(Entries taken from a collection)
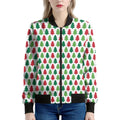 Merry Christmas Tree Pattern Print Women's Bomber Jacket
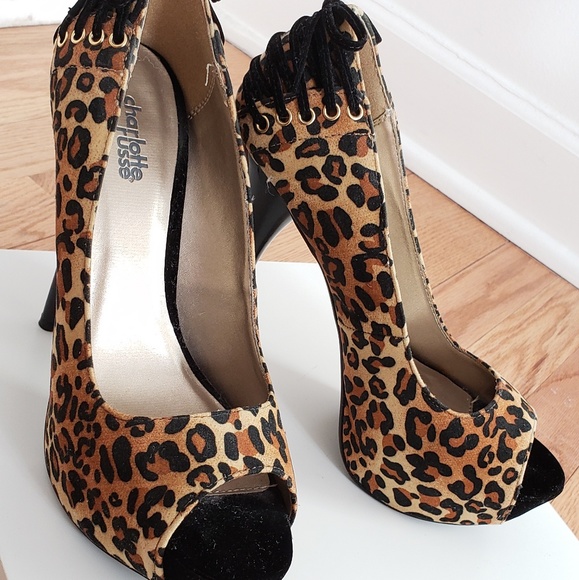 Charlotte Russe Leopard Corset Peep Toe Heel, Sz 8 - Picture 2 of 8
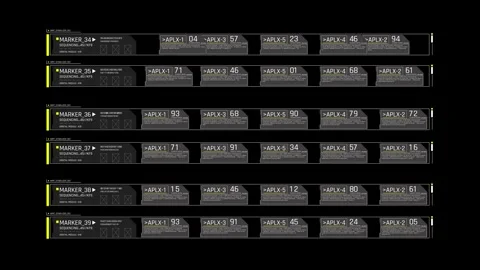 Futuristic HUD Data Array Screen with Scrolling Digital Code Stock Footage 339670377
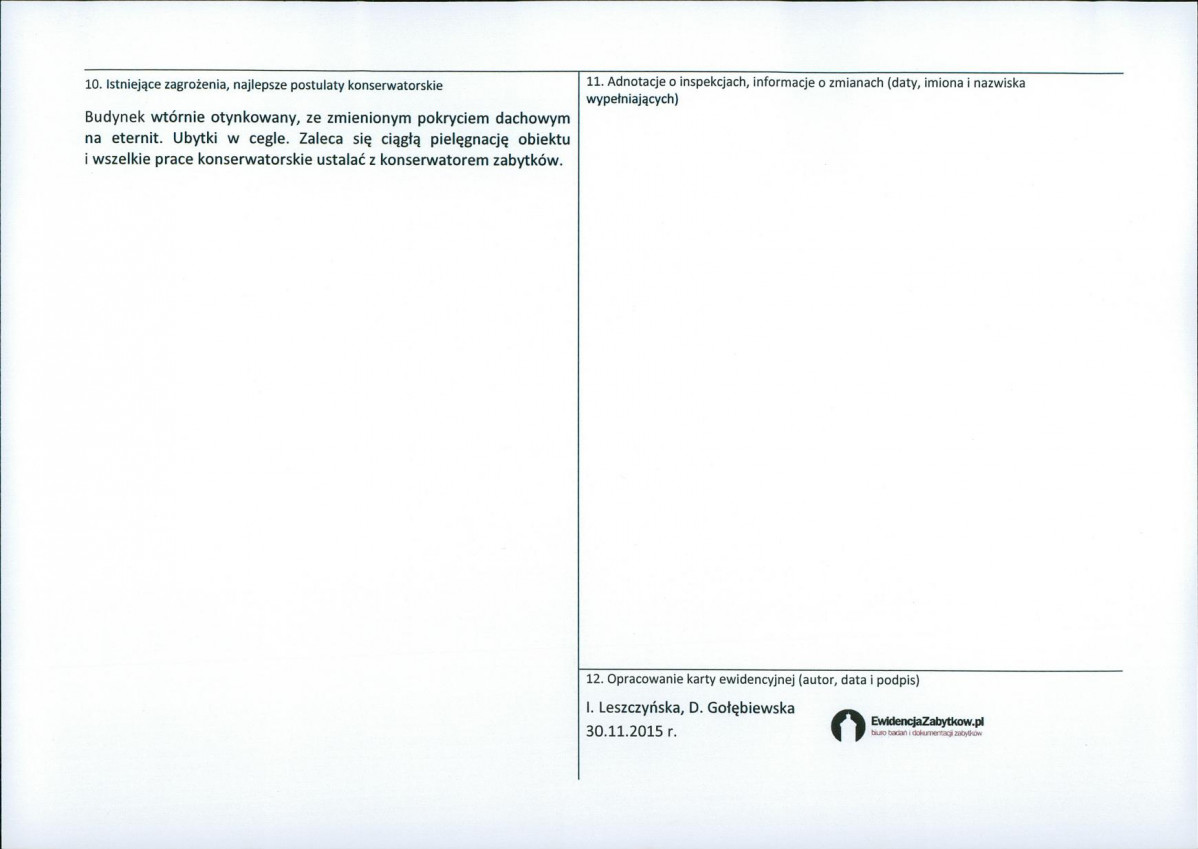 Karta obiektu niewpisanego do rejestru, skan nr 2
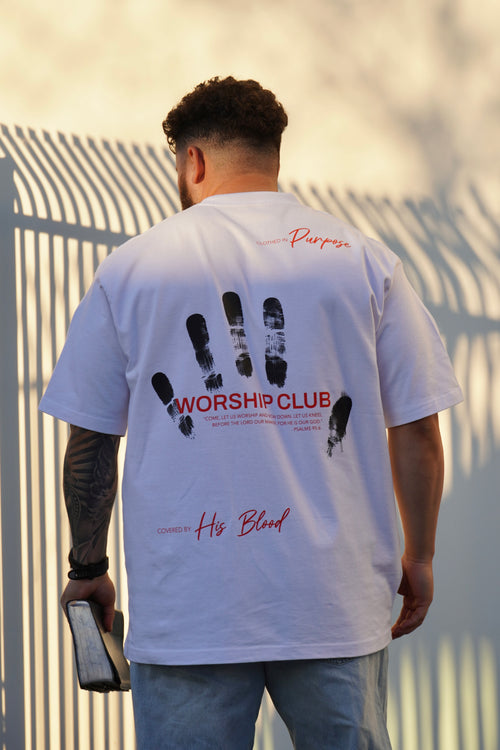 Oversized "Covered By His Blood" tee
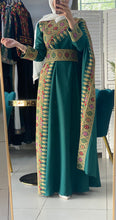 Elegant Green Shoulder Details Embroidered Dress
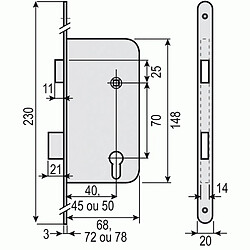 Vachette SERRURE LARD S/C.D445VR A45BRD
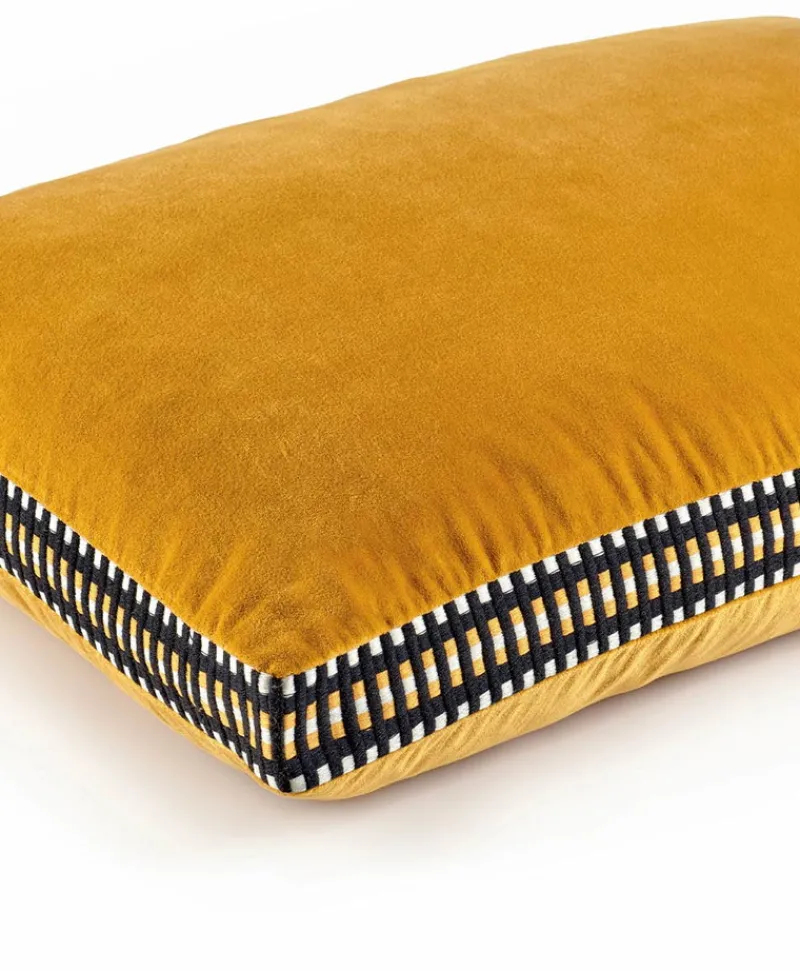 u00c9litis Kissen|Samtkissen Athena mit Paspelveredelung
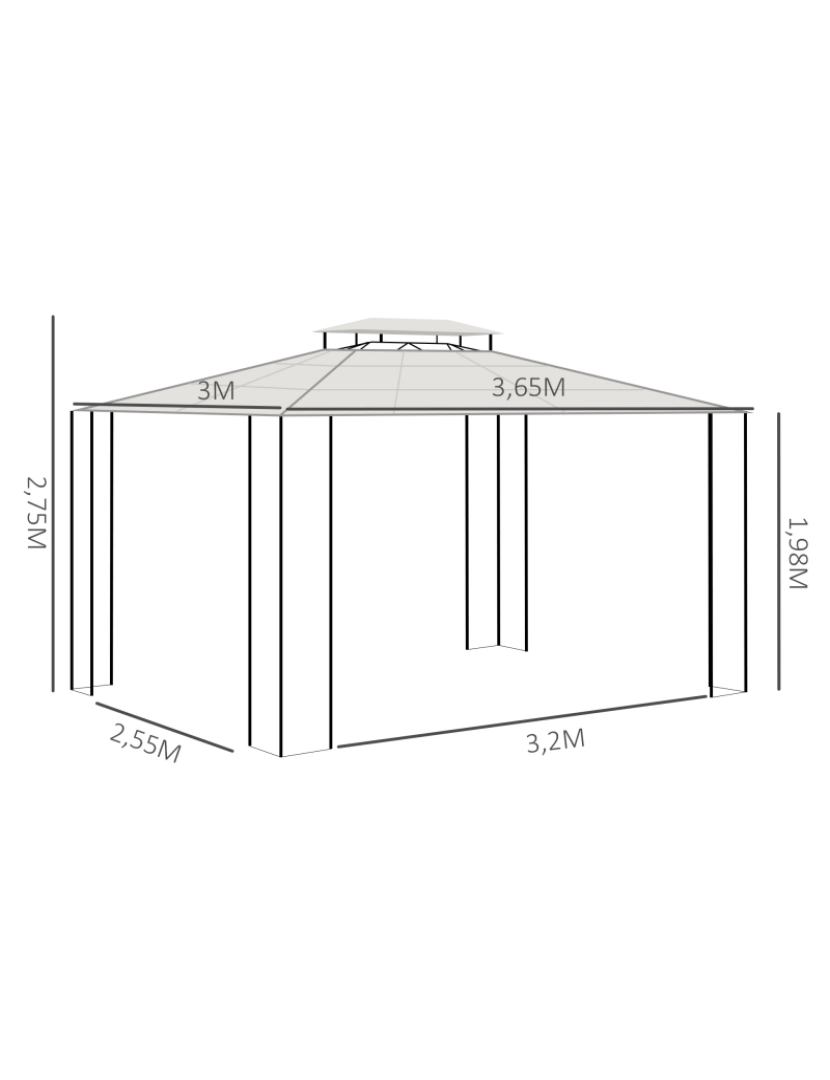 imagem de Pérgola de Jardim 365x300x275cm cor marrom 84C-3093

Task prompt —
An exact copy of every line above, minus the pictures, is the required output.

Solution to the problem —
 Merry Christmas Tree Pattern Print Women's Bomber Jacket
 Charlotte Russe Leopard Corset Peep Toe Heel, Sz 8 - Picture 2 of 8
 Futuristic HUD Data Array Screen with Scrolling Digital Code Stock Footage 339670377
 Karta obiektu niewpisanego do rejestru, skan nr 2
 Oversized "Covered By His Blood" tee
 Elegant Green Shoulder Details Embroidered Dress
 Vachette SERRURE LARD S/C.D445VR A45BRD
 u00c9litis Kissen|Samtkissen Athena mit Paspelveredelung
 imagem de Pérgola de Jardim 365x300x275cm cor marrom 84C-3093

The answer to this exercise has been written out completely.